**What is expected**. Below are some entries. Repeat exactly the lines from the one with "Beautiful golden gift" through the one with "een douche met", and only those.

**Working data**.
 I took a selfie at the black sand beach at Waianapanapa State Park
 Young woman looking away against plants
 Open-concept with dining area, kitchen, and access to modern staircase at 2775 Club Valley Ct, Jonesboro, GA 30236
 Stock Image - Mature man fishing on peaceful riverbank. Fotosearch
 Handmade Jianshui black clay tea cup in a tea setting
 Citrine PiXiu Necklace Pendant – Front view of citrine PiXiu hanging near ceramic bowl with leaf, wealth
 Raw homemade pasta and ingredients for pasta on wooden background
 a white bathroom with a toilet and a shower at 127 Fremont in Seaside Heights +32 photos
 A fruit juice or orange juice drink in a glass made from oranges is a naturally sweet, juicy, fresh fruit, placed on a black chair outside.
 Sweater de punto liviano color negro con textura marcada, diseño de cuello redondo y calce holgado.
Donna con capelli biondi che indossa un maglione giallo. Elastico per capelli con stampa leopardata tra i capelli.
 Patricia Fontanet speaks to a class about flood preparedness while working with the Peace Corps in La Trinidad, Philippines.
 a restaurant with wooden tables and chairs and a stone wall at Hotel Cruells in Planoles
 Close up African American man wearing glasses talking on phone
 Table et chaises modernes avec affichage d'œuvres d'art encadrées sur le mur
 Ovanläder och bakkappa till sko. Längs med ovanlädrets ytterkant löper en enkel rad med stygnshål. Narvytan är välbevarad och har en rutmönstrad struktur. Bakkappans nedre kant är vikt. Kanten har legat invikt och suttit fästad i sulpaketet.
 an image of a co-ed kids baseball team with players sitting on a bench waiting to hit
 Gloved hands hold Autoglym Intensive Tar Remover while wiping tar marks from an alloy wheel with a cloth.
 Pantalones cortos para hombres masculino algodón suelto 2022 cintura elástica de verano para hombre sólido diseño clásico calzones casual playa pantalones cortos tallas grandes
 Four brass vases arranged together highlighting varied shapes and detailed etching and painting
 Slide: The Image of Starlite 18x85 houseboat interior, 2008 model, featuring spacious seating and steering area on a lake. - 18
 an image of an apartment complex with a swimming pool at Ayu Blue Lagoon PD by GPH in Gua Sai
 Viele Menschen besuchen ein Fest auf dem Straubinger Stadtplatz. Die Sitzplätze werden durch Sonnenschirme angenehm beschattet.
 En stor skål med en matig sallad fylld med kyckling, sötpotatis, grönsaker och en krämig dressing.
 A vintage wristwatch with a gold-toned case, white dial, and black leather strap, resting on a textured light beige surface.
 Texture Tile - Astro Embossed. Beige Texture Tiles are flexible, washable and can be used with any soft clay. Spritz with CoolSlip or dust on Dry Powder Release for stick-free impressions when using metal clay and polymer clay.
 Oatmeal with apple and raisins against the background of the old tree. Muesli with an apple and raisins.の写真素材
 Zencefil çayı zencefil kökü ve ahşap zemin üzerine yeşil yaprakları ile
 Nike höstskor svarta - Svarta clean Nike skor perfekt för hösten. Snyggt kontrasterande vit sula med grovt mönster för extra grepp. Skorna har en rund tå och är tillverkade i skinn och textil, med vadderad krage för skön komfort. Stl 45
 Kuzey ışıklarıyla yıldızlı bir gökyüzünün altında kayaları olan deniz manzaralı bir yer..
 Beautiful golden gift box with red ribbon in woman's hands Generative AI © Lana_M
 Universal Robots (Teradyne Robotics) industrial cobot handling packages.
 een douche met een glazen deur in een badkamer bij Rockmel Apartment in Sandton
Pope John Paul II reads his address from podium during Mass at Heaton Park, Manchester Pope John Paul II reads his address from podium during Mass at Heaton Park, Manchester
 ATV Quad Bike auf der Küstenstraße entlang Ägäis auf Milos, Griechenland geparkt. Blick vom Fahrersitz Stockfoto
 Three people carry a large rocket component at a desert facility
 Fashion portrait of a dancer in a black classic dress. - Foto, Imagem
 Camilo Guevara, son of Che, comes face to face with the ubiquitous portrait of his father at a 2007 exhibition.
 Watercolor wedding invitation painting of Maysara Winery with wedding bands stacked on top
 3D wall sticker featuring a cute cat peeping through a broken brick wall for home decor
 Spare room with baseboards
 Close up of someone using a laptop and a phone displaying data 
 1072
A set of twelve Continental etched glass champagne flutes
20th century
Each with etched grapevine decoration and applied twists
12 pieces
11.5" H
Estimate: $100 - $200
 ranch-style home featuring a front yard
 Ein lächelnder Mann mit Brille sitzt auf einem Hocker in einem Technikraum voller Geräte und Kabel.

**Written response**.
 Beautiful golden gift box with red ribbon in woman's hands Generative AI © Lana_M
 Universal Robots (Teradyne Robotics) industrial cobot handling packages.
 een douche met een glazen deur in een badkamer bij Rockmel Apartment in Sandton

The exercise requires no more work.